The trip started in good weather, light wind and we could see the stars. Going up du Tacul was wonderful, you could see the stream of headlights coming from the hut and snaking slowly up the mountain. After walking beneath big seracs we finally cleared Mont Blanc du Tacul on were on our way to Mont Maudit.
We went up Mont Maudit, our guide sped up and fixed a rope for us to ascend with. I was completely breathless when I sat on the crest of Mont Maudit after negotiating the steep slope. Our guide was for some reason in such a hurry that we were pretty tired at that point. On the crest we found a large piece of human excrement, don't know why people don't bother to at least bury the damn thing.
Then it was onto the final slope. It was deceptively long and the wind was pretty strong at this point and snow blowing all over the place. The guides were actually thinking about turning back at this point, but our group leader chose rightly to go on.
We summited Mont Blanc before 9am. Just had time to enjoy the view for a short while because our guide was anxious to get down quickly because the weather was turning. We got less then 10 minutes on top and there were only 6 people on the summit when we got there. The view was beautiful but I did not feel any joy at that moment because of how tired I was. Fortunately I did not experience any sort of high altitude sickness.
We went down the beginning of the Gouter route and stopped for half an hour or so in the Ref. Vallot bivyhut. By the time we started descending the Grands Mulets route we were completely engulfed in clouds and it was impossible to see where the snow ended and the clouds started. It took a long time to descend the Grands Mulets route because of crevasses. It was also a difficult descent because the snow was very soft and we sank up to our knees and thighs in every step.
We stopped for a short while in the Grands Mulets hut. I climbed up the rock to the hut to buy something to drink.
Short while later we continued the descent and finally arrived to the Plan de l'Aguille cable car station in thick fog and rain just before 5pm.
The group was extremely happy, 12 of us made the summit. Two of the group turned around on Mont Maudit and went back to the Cosmiques hut.
Great experience, I would like to go there again someday so I can spend more time on the summit. :)
You can see pictures from the whole trip here:
It includes La Tresenta and Grand Paradiso in Italy.
From Tete Rouse, to the summit, back down to Chamonix in one long, exhausting, 14 hour day. Worth it though.
7 of our party of 8 to the top. Claire Rechatin, Delphine Renaudin, Paul Rechatin, Pierre Rechatin, Alexandre Bolze, Ivan Renaudin, Pascal Rechatin.Perfect conditions we stayed a long time on the top to enjoy !. A dream of a descent on the Arete des bosses overall surprisingly uncrowded for a August day.
One mountain sick stayed at the Refuge des Cosmiques this will be for next time for Thomas.

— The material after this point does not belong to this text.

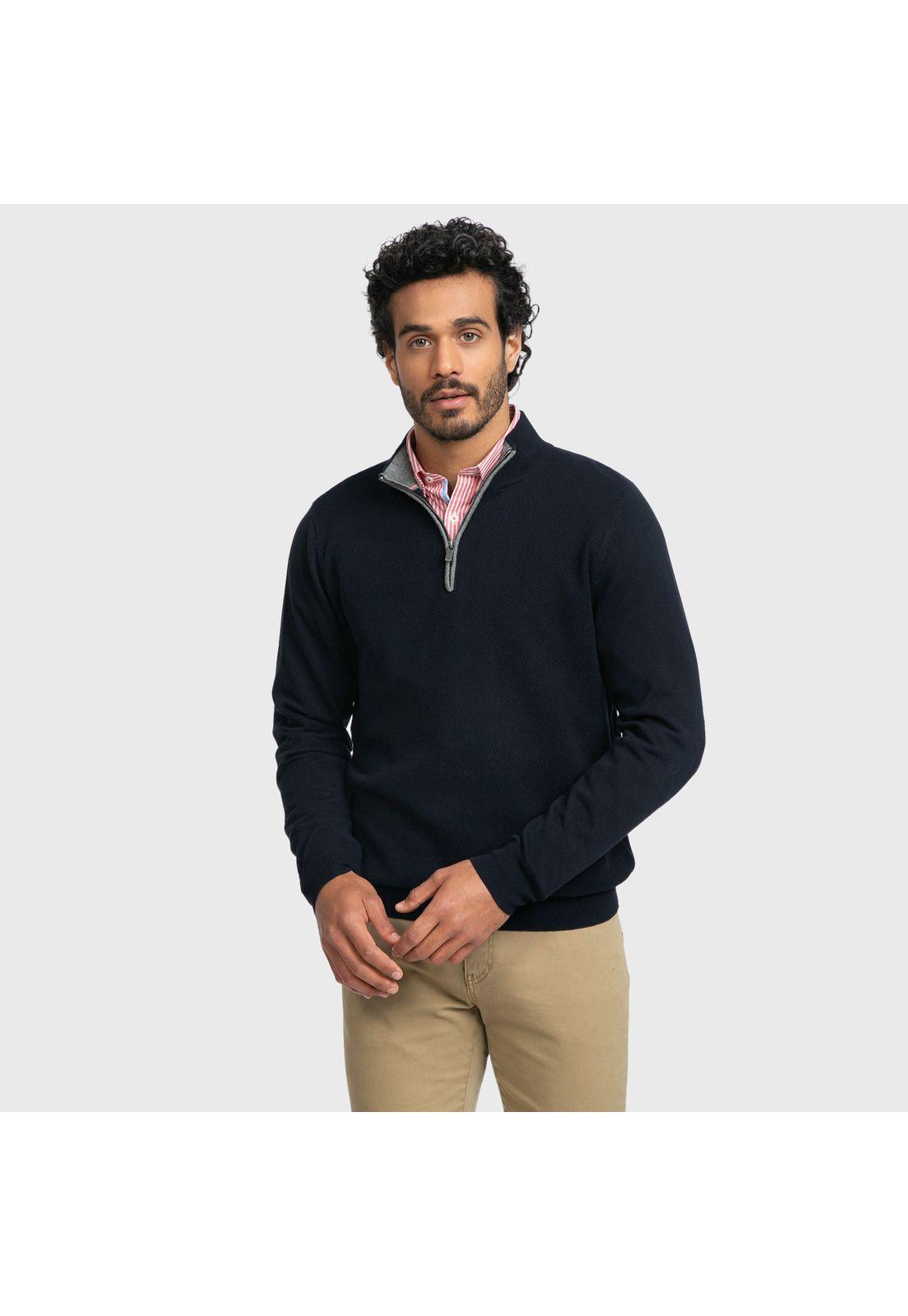 Sweater Arrow Half Zipper-0
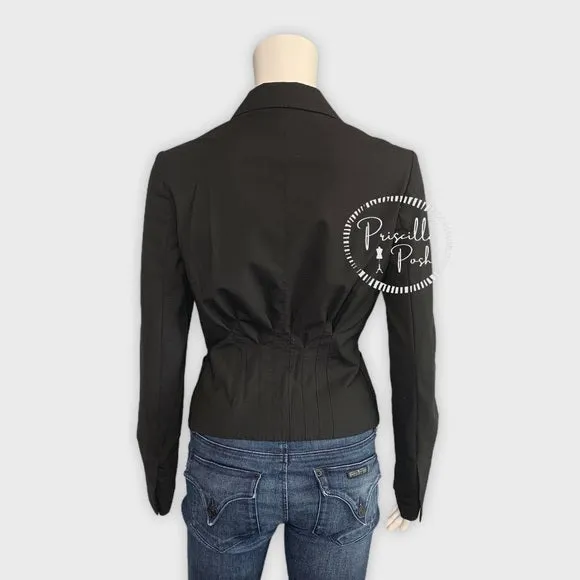 NWT Gucci Wool Cropped Blazer Black New W Tags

This was the first time for Delphine, Ivan, Pierre, Paul and Alexandre, second time for Claire and 12th time for me.I Had not been there for several years.
The Refuge des Cosmiques is really very nice and people extremely welcoming and professional...what a difference with several other huts in the Mt Blanc massif on the french side!
This year (2008) there were pretty dangerous crevasses on the Mt Blanc du Tacul climb. Really requires attention especially by night.
The Mont Maudit Bergshrund/rimaye couloir is the only place where we found some ice, rest of the route was in perfectly good snow. Two fixed ropes have been left in place by mountain guides there which is quite convenient.
Very good conditions on the arete des bosses and all the way down to the Aiguille du Gouter with very few crevasses.
The face and couloir de l'Aiguille du Gouter are becoming more and more dangerous...Helmet highly recommended there are really bad rock falls which are not anymore just started by careless climbers near the Refuge de l'Aiguille du Gouter but are initiated it seems as a result of accelerated warming of the mountain. It is advisable to stay on the slightly protruding rocky ridge in the middle of the face as opposed to going to the right or to the left despite several well marked trails as the sides are much more exposed to rock falls.